EXCERPTED RECORDS
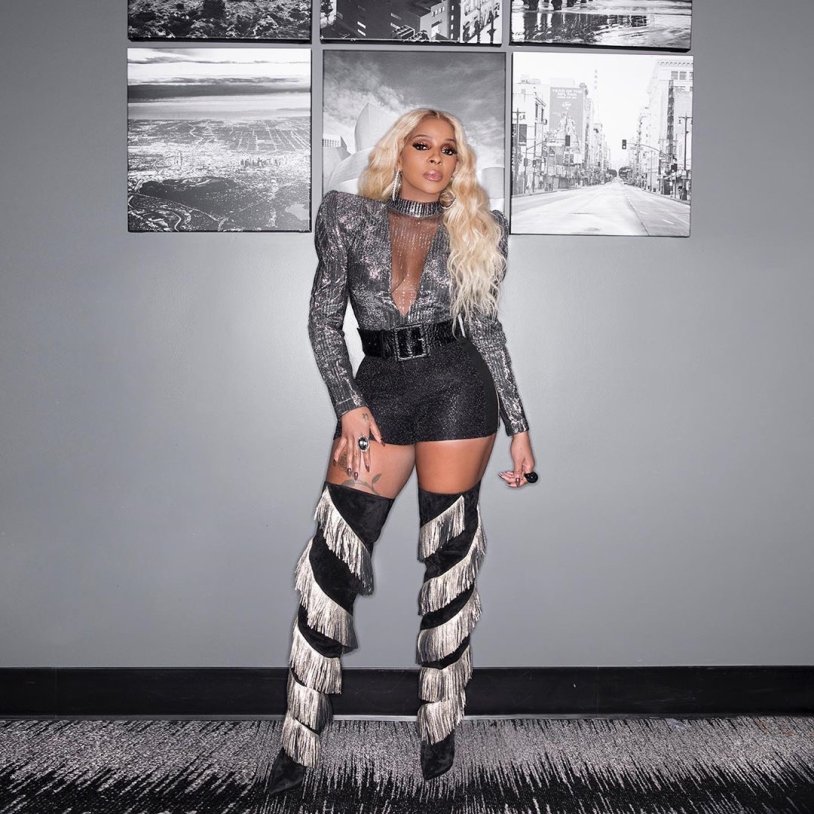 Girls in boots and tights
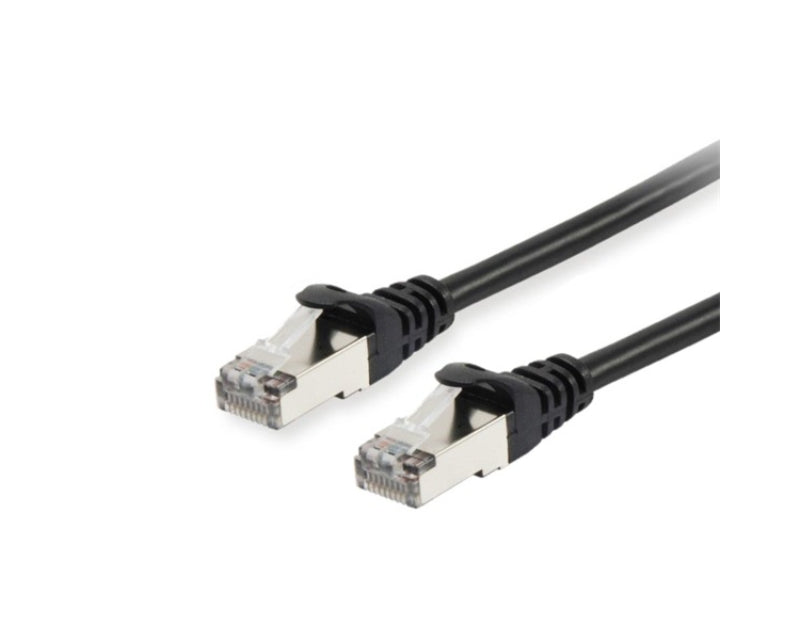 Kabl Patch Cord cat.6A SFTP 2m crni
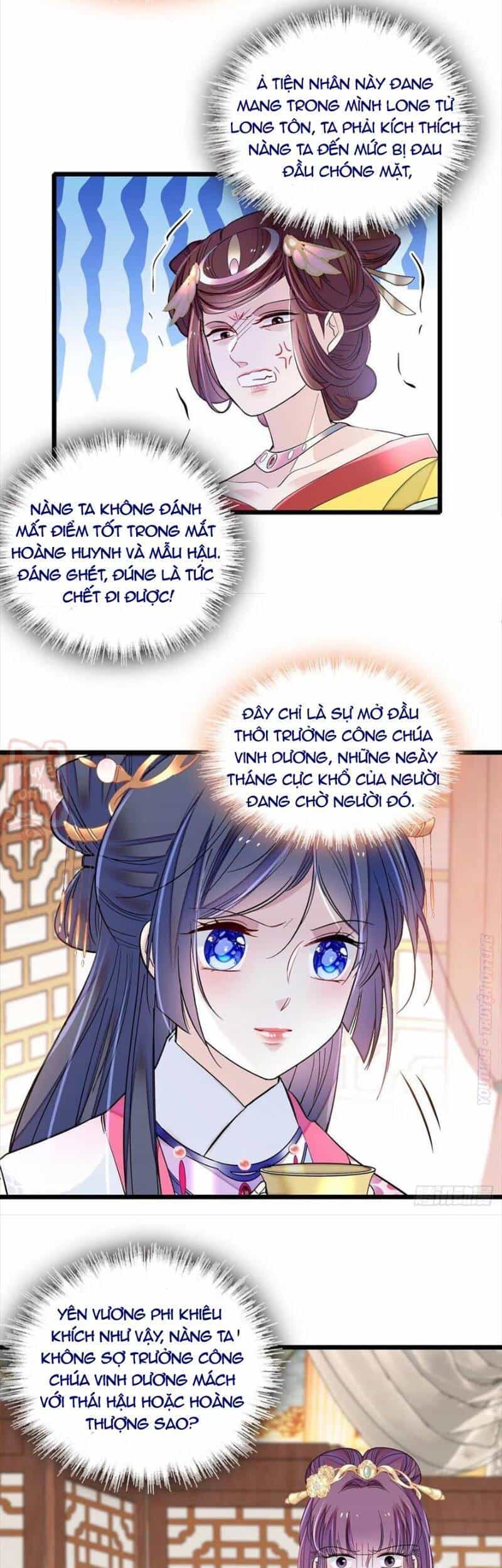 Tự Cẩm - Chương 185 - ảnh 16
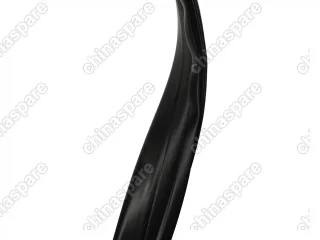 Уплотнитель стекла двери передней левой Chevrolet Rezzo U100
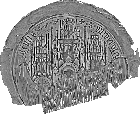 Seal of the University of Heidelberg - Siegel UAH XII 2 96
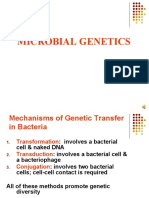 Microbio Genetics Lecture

DIRECTIONS
Once the pictures are dropped, set down everything else in the records exactly.

TASK RESPONSE
 Girls in boots and tights
 Kabl Patch Cord cat.6A SFTP 2m crni
 Tự Cẩm - Chương 185 - ảnh 16
 Уплотнитель стекла двери передней левой Chevrolet Rezzo U100
 Seal of the University of Heidelberg - Siegel UAH XII 2 96
 Microbio Genetics Lecture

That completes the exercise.